Repartir volantes es uno
de los pocos temas de los que puedo hablar con propiedad: una tajada
significativa de mi patrimonio durante mi época de bachillerato provenía de
esta ocupación marcada por la indiferencia y el sol. Los atributos del oficio
no han variado desde entonces y ante la proximidad del volantero, la mayoría de
los transeúntes aceleran el paso sin ofrecer siquiera la delicadeza de un “no,
gracias” o dan un brusco rodeo y hasta cambian de acera como si aquel trozo de
papel estuviese impregnado de las bacterias del ántrax.
Hasta el hampa mira con
desidia a los volanteros porque… ¿qué les van a arrebatar? ¿Los volantes?
No obstante, ni la televisión
ni las vallas y menos la publicidad en línea han aniquilado a este ancestral peón
del mercadeo apostado en los puntos más transitados de la ciudad; su perfil fluctúa
desde el propietario del humilde establecimiento donde recargan cartuchos de tinta,
hasta los repartidores de propaganda electoral alojados al pie de los semáforos
para recibir -según sea la tendencia política del conductor- un cornetazo amigable
o una embestida con el parachoques del carro.
Hay modalidades para cada
uno de los sentidos. Esos aperitivos brindados por las empleadas en las ferias
de comida no son más que volantes comestibles. Las dependientas de las
perfumerías salen del local para invitarnos a tomar papelitos que emanan vapores
magníficos. Son volanteras de naturaleza fragante. ¡Los hay hasta mesiánicos! y
los folletos religiosos que entregan de puerta en puerta forman parte del volanteo
divino.
Pero se equivoca quien supone
que esta labor requiere apenas extender el brazo mecánica y repetidamente para distribuir
cuanto antes la resma de octavillas asignada, nada de eso. Abundan los ineptos
y los negligentes, pero un volantero comprometido, es decir, un verdadero profesional
del volante, maneja y aplica nociones de psicoanálisis, fashionismo y hasta de fisiognomía
o estudio del rostro.
Su primera destreza es la
capacidad de observación. Como el Terminator cuya mirada arroja porcentajes y
algoritmos que definen el perfil del sujeto observado, el volantero
comprometido escanea de los pies a la cabeza al potencial destinatario del impreso
para decidir si corresponde al target de la ganga.
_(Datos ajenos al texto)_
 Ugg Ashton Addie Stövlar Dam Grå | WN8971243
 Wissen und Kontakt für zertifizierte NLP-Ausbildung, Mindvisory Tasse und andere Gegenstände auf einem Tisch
Tras el vistazo infrarrojo, emprende
un implacable proceso de selección y apartamiento del grano fértil de la simiente
inútil.
Si andas mamarracho,
tendrás que insistirle al volantero para que te haga entrega del catálogo promocional
del lujoso resort; o preocúpate si te porfía y hasta te sigue hasta tu casa para
que tomes el tríptico del centro de medicina estética y adelgazamiento.
El volantero
comprometido también derrocha compasión y si su tarea es distribuir los volantes
de una juguetería, le interrumpirá el paso al transeúnte visiblemente abatido o
estresado, no desistirá hasta depositar entre sus manos la liquidación por
inventario de peluches y legos. Sé amable, finge echarle un vistazo a la oferta
y no la arrojes al bote de basura hasta que el volantero se haya perdido de
vista o alguien más le esté sacando el cuerpo.